Zentral bei der deutschen Unterstützung der Ukraine bleibe die Luftverteidigung, sagte Scholz. Erst kürzlich sei ein umfangreiches militärisches Unterstützungspaket im Umfang von 600 Millionen Euro an die Ukraine ausgeliefert worden.

1,4 Milliarden Euro-Paket bis Ende des Jahres erwartet

Bis zum Jahresende werde zudem mit Unterstützung der Partner Belgien, Dänemark und Norwegen ein Paket im Wert von rund 1,4 Milliarden Euro geliefert, sagte Scholz. Darin enthalten seien unter anderem weitere Luftverteidigungssysteme vom Typ Iris-T und Skynex sowie Panzer, Kampfdrohnen und Artilleriemunition.

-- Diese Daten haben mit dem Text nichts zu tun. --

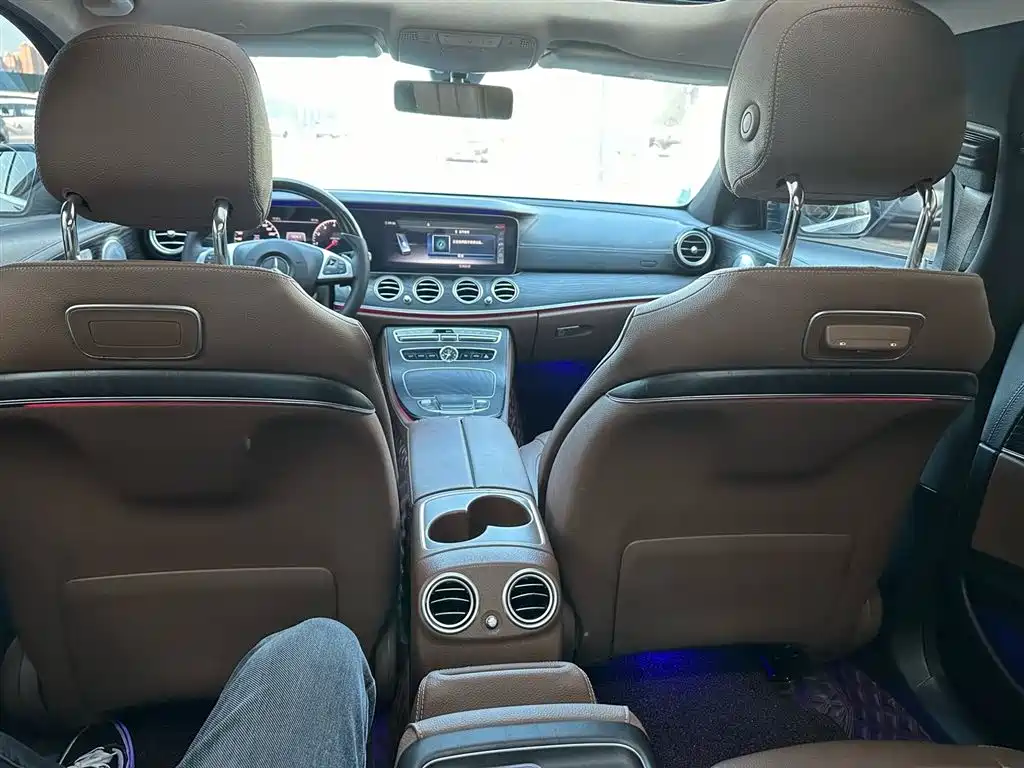 Mercedes-Benz E-Class E 2018 E 300 L Sport Luxury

Angesichts des bevorstehenden dritten Kriegswinters sicherte der Kanzler dem ukrainischen Präsidenten zudem kurzfristig weitere 170 Millionen Euro zur Reparatur der schlimmsten Schäden an der ukrainischen Energieinfrastruktur und zur Wiederherstellung der Wärmeversorgung zu. Scholz betonte, die Unterstützung der Ukraine durch Deutschland und andere europäische Partner sende eine klare Botschaft an Kreml-Chef Wladimir Putin: „Ein Krieg auf Zeit wird nicht funktionieren.“ Deutschland werde sich weiter für einen „gerechten und dauerhaften Frieden“ in der Ukraine auf Grundlage des Völkerrechts einsetzen. Einen „Diktatfrieden“ Russlands werde nicht akzeptiert.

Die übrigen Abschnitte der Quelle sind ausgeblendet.